* **Problem statement**:
Make an exact copy of the entries, taking out every picture.

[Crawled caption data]
-=-=-=-=-

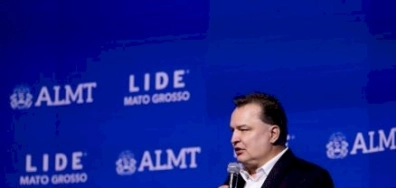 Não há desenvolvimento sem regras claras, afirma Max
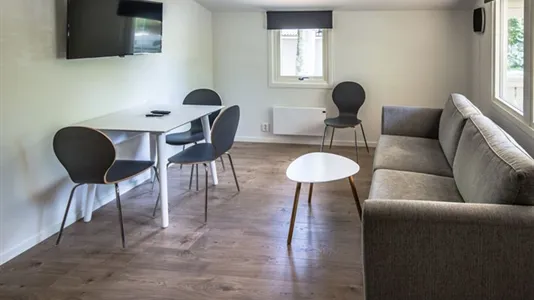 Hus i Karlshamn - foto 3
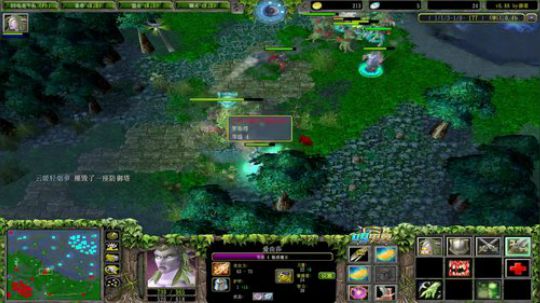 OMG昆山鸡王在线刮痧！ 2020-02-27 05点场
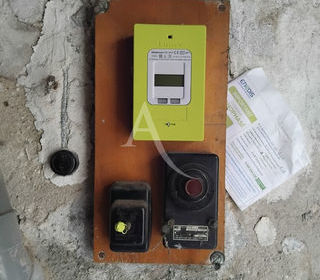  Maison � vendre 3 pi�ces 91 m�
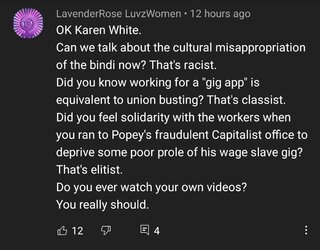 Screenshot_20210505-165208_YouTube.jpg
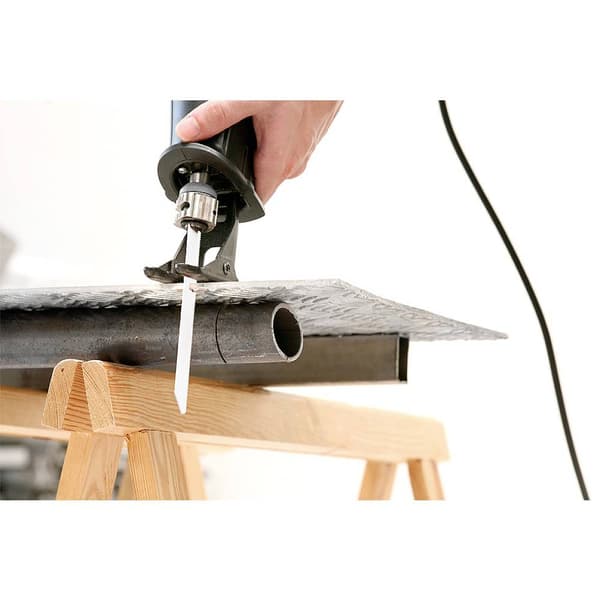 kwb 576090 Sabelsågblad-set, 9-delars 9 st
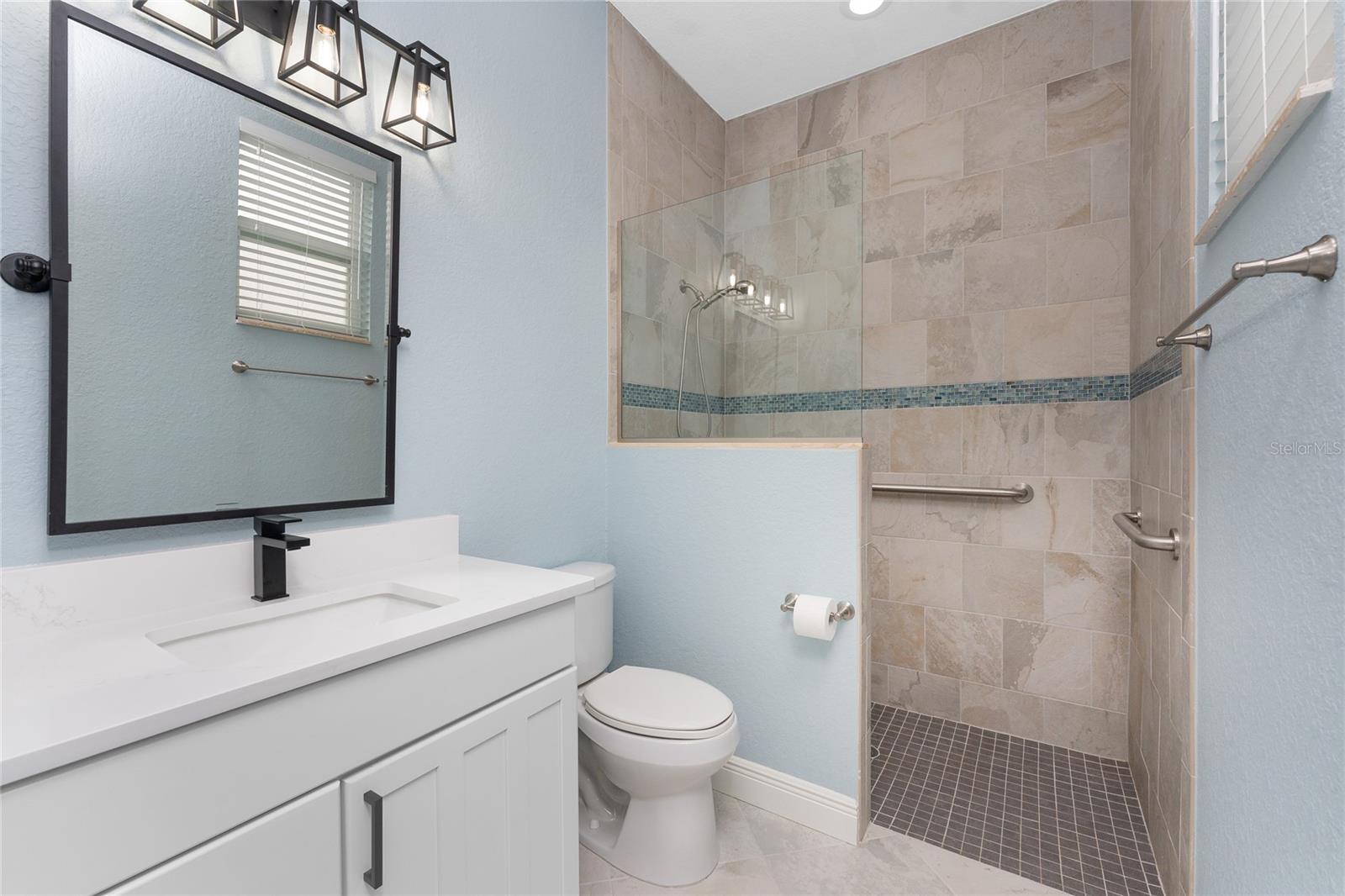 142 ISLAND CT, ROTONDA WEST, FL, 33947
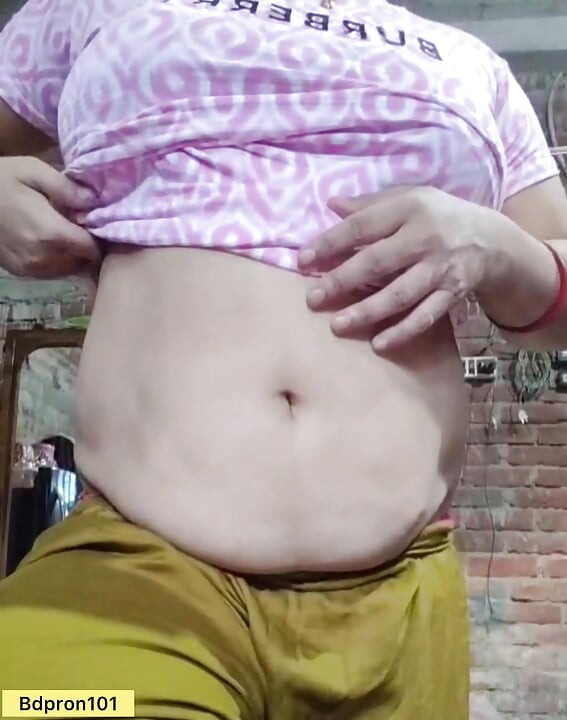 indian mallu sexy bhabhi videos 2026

-=-=-=-=-

* **Worked solution**:
 Não há desenvolvimento sem regras claras, afirma Max
 Hus i Karlshamn - foto 3
 OMG昆山鸡王在线刮痧！ 2020-02-27 05点场
  Maison � vendre 3 pi�ces 91 m�
 Screenshot_20210505-165208_YouTube.jpg
 kwb 576090 Sabelsågblad-set, 9-delars 9 st
 142 ISLAND CT, ROTONDA WEST, FL, 33947
 indian mallu sexy bhabhi videos 2026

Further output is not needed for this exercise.